----- MATERIAL FOR THIS EXERCISE
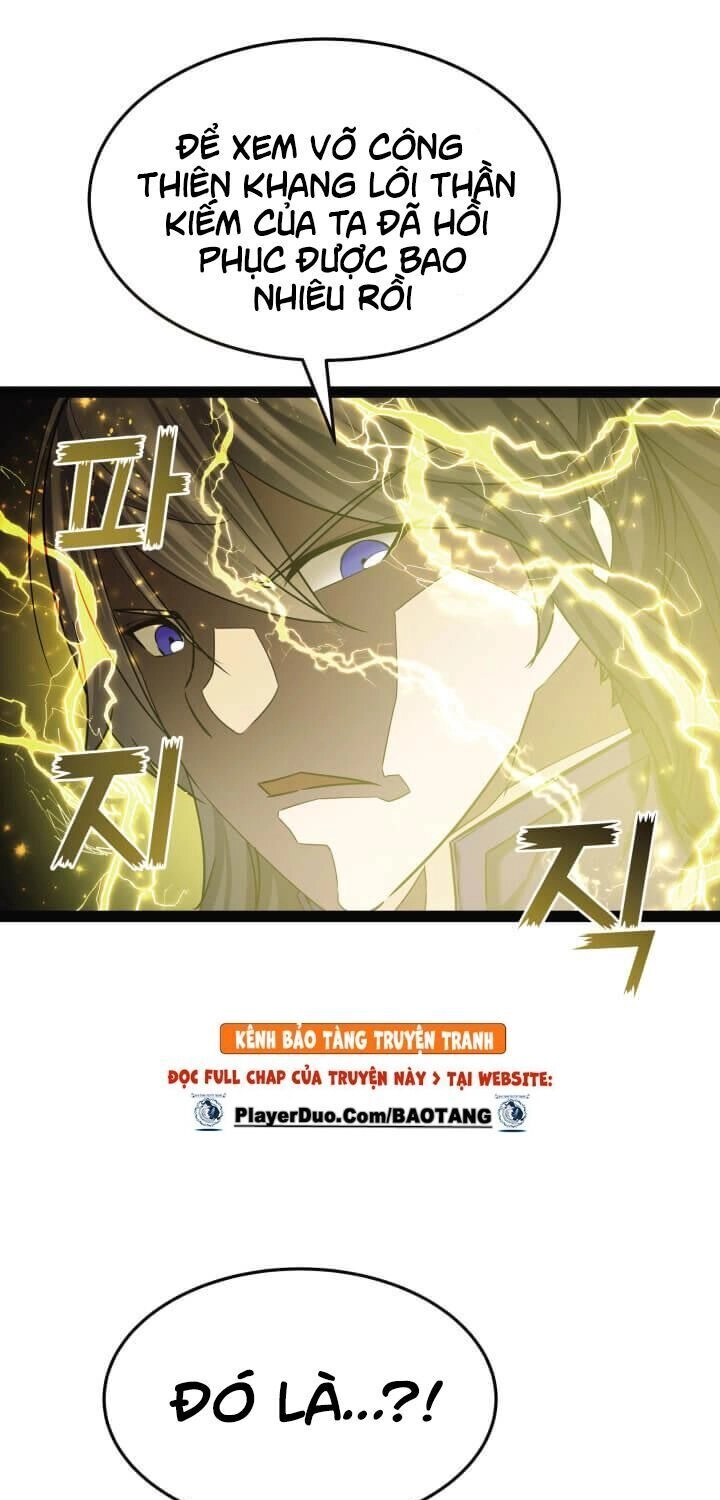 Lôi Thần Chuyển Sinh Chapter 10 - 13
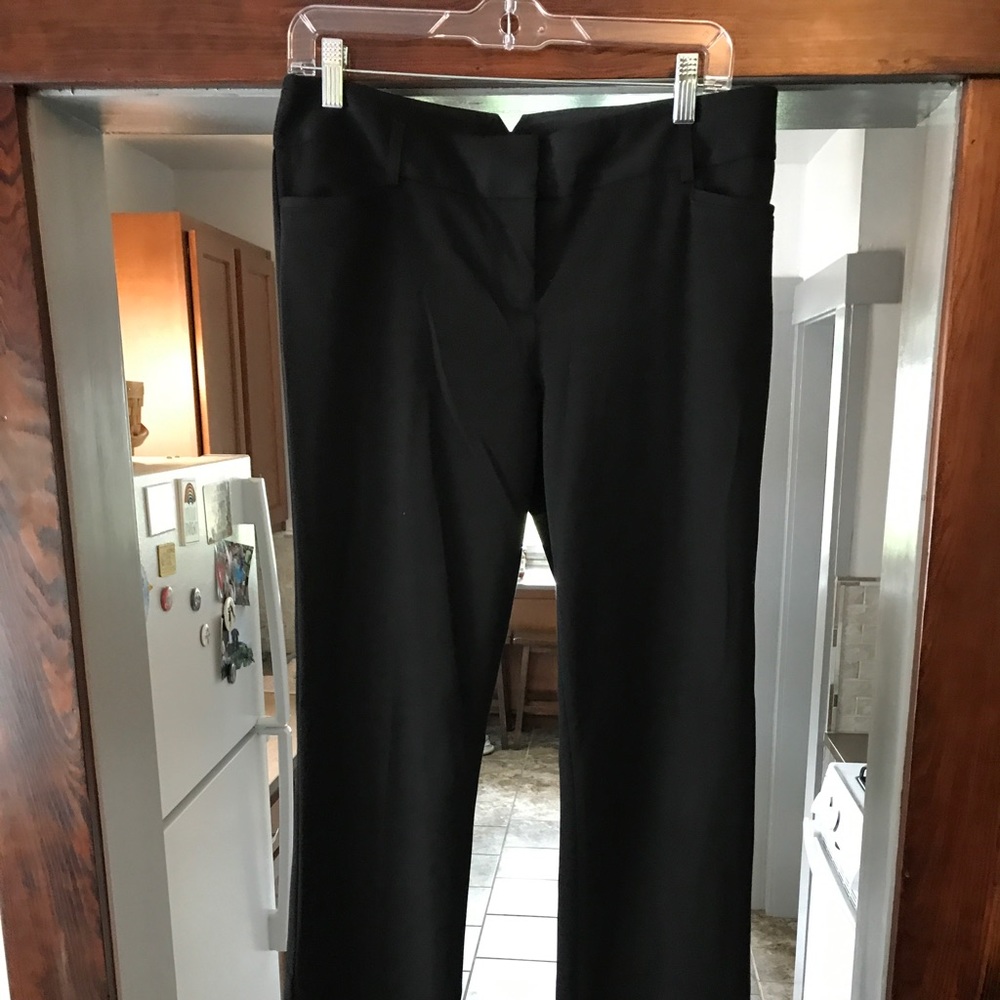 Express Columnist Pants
----------
----- MATERIAL FOR THIS EXERCISE
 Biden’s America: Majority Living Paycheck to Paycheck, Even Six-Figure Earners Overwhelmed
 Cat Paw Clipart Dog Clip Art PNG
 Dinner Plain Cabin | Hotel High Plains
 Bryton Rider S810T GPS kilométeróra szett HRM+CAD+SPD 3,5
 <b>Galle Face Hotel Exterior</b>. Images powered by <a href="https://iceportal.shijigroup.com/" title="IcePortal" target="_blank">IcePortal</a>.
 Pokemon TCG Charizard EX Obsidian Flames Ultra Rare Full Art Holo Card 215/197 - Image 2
----------
- PROBLEM TO SOLVE
Repeat exactly the stretch of the listing above that starts with the line holding "Lôi Thần Chuyển Sinh Chapter 10 - 13" and finishes with the line holding "Express Columnist Pants", both included. Skip every picture.

- ANSWER TO THE EXERCISE
 Lôi Thần Chuyển Sinh Chapter 10 - 13
 Express Columnist Pants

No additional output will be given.